Technical Report: Attention Residuals

Summary (Overview)

Core Contribution: Proposes Attention Residuals (AttnRes), a novel mechanism that replaces the fixed, uniform summation of standard residual connections with learned, input-dependent softmax attention over preceding layer outputs. This allows each layer to selectively retrieve and aggregate information from any earlier layer.
Scalable Variant: Introduces Block AttnRes, which groups layers into blocks and attends over block-level summaries, reducing memory and communication overhead from $O(Ld)$ to $O(Nd)$ , making it practical for large-scale training.
Key Findings: AttnRes mitigates the PreNorm dilution problem, preventing unbounded hidden-state growth and leading to more uniform gradient distributions across depth. Scaling laws show consistent improvement, with Block AttnRes matching a baseline trained with 1.25x more compute.
Empirical Validation: Integrated into a 48B-parameter MoE model (Kimi Linear) and pre-trained on 1.4T tokens. AttnRes improved performance across all downstream benchmarks, with notable gains on multi-step reasoning (e.g., GPQA-Diamond +7.5) and code generation (e.g., HumanEval +3.1) tasks.

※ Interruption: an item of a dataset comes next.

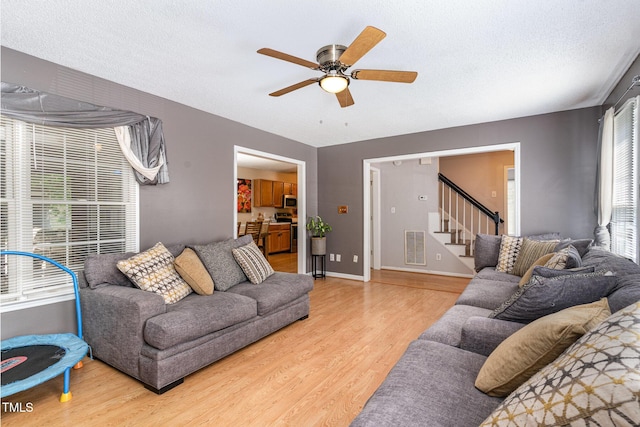 living area featuring light wood-style flooring, a ceiling fan, stairway, and a textured ceiling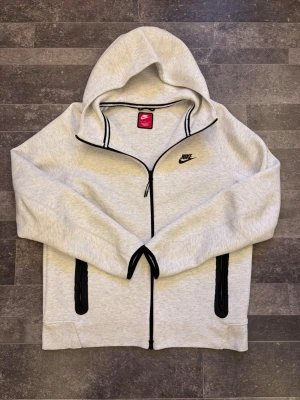 Nike tech fleece - Snygg ljusgrå hoodie från Nike med dragkedja och svarta detaljer längs dragkedjan och fickorna. Klassisk Nike-logga på bröstet. Utrustad med huva och två fickor framtill. Perfekt för en sportig och avslappnad stil.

Introduction and Theoretical Foundation

Standard residual connections $h_l = h_{l-1} + f_{l-1}(h_{l-1})$ are foundational for training deep networks. While effective as gradient highways, they have a secondary, less-studied role: they define how information aggregates across depth. Unrolling the recurrence reveals that every layer receives a uniformly weighted sum of all prior outputs:

h_l = h_1 + \sum_{i=1}^{l-1} f_i(h_i)

This fixed, unit-weight accumulation lacks a mechanism for selective emphasis or suppression of individual layer contributions. With the prevalent PreNorm scheme, this leads to hidden-state magnitudes growing as $O(L)$ with depth, progressively diluting each layer's relative contribution [27]. Early-layer information is buried and cannot be selectively retrieved.

The paper identifies a formal duality between depth-wise accumulation and the sequential recurrence in RNNs. Just as the Transformer replaced RNN recurrence with attention over sequences, the authors propose replacing the additive depth recurrence with attention over depth. This leads to the core formulation of Attention Residuals:

h_l = \alpha_{0 \to l} \cdot h_1 + \sum_{i=1}^{l-1} \alpha_{i \to l} \cdot f_i(h_i)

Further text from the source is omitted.